The Joint Health Steering Committee (JHSC), co-chaired by U.S. Ambassador William W. Popp and Ugandan Minister of Health Dr. Jane Ruth Aceng Ocero, met for the first time in Kampala.
The committee is tasked with managing a five-year Memorandum of Understanding that sees the U.S. contributing $1.7 billion and Uganda providing $577 million in co-investment.
“This committee underscores the strategic importance of this partnership,” Ambassador Popp told AEA following the meeting. “It advances a strategy of addressing disease threats at their source while building sustainable local systems that can eventually graduate to self-sufficiency.”
The first year of the plan allocates $410 million in U.S. assistance, focusing on the “big four” infectious diseases: HIV/AIDS, malaria, tuberculosis, and polio.
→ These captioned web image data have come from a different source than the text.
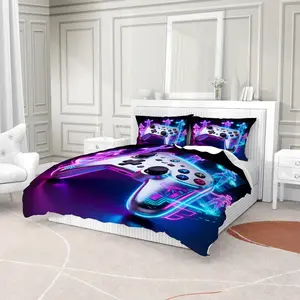 2/3-Piece Cyberpunk Gaming-Themed Bedding Set Neon Skull Gaming Controller Pattern Bedding Perfect for Esports Bedroom Decor Duvet Cover Includes 2 Pillowcases (Inserts Not Included)
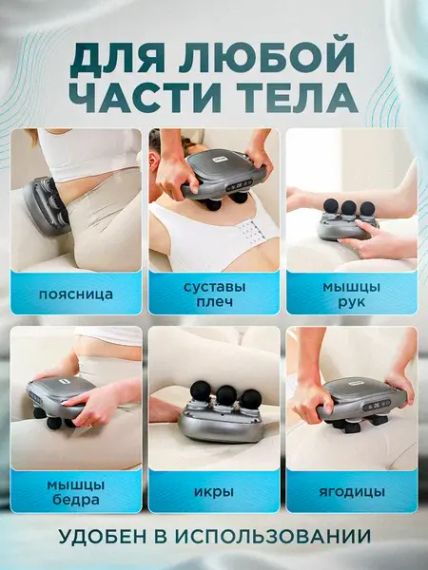 Професійний високочастотний перкусійний масажер для релаксації тіла на 6 головок | Зображення 4
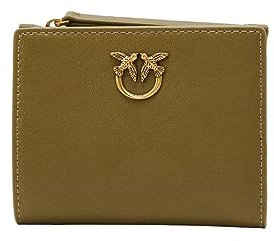 Pinko Wallet Mini Vitello Morbido, Accessori da Viaggio-Portafogli Donna, V62Q_Verde Abete-Antique Gold, U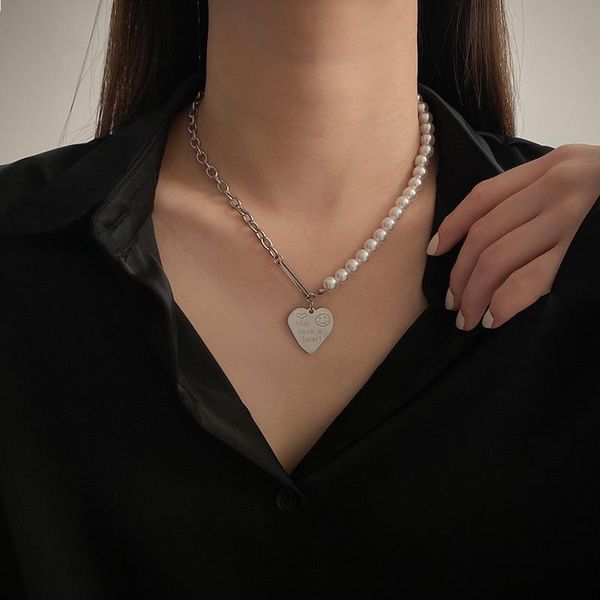 pendant necklaces minar titanium steel asymmetric linked chains for women letter print love heart imitation pearl chokers necklace gift, Silver
pendant necklaces minar titanium steel asymmetric linked chains for women letter print love heart imitation pearl chokers necklace gift, Silver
However, a significant portion of the new funding is earmarked for “workforce capacity,” an effort to reduce Uganda’s historical dependence on foreign medical expertise.
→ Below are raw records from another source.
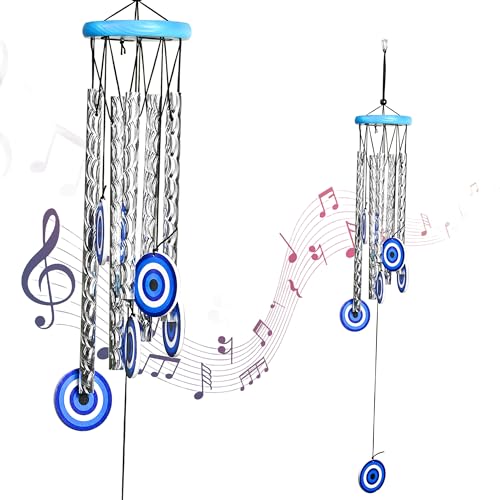 Image of ZAICUS 27-Inch Turkish Evil Eye Wind Chimes - Metal Hanging Decor for Home, Balcony, Living Room & Entrance - Positive Energy & Housewarming Gift for Women (Blue)
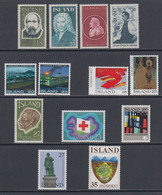 1975 ** Islande (sans Charn., MNH, Postfrish) Complete Yv 453/65  Mi 500/12  FA 537/49 (13v) - Full Years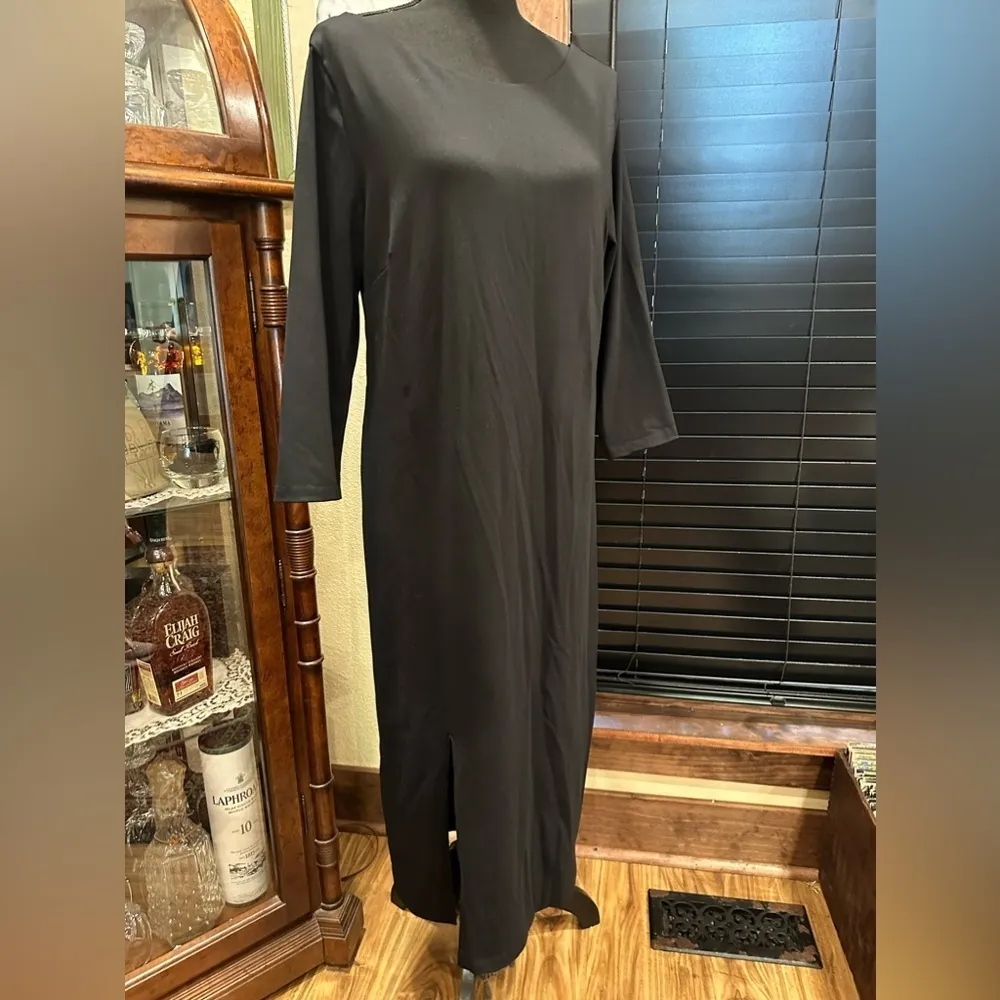 Tahari Navy Knit Stretch Long Sleeve Turtleneck Midi Dress Size 14 - Image 2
Minister Aceng emphasized that the agreement is a shift away from traditional “donor-recipient” dynamics. “This represents Uganda’s determination to build a resilient health system that serves all citizens, funded through a transparent, mutual commitment,” she said.
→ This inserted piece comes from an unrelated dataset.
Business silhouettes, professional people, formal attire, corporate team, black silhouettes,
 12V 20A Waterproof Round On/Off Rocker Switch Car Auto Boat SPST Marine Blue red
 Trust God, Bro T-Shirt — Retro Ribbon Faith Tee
The partnership comes at a delicate time for Ugandan diplomacy, as the country navigates regional security challenges and internal political debates. Analysts suggest that the health agreement serves as a “soft power” anchor for U.S.-Uganda relations, ensuring cooperation on humanitarian grounds even when political friction arises.
Beyond health, the Ugandan capital remains focused on infrastructure. Sources close to the Ministry of Works confirmed to AEA that discussions are accelerating regarding the synchronization of the Standard Gauge Railway (SGR) with regional neighbors, though funding gaps remain a primary hurdle.
As the JHSC begins its work, the success of this health initiative is being watched as a potential blueprint for other U.S. bilateral investments across the continent.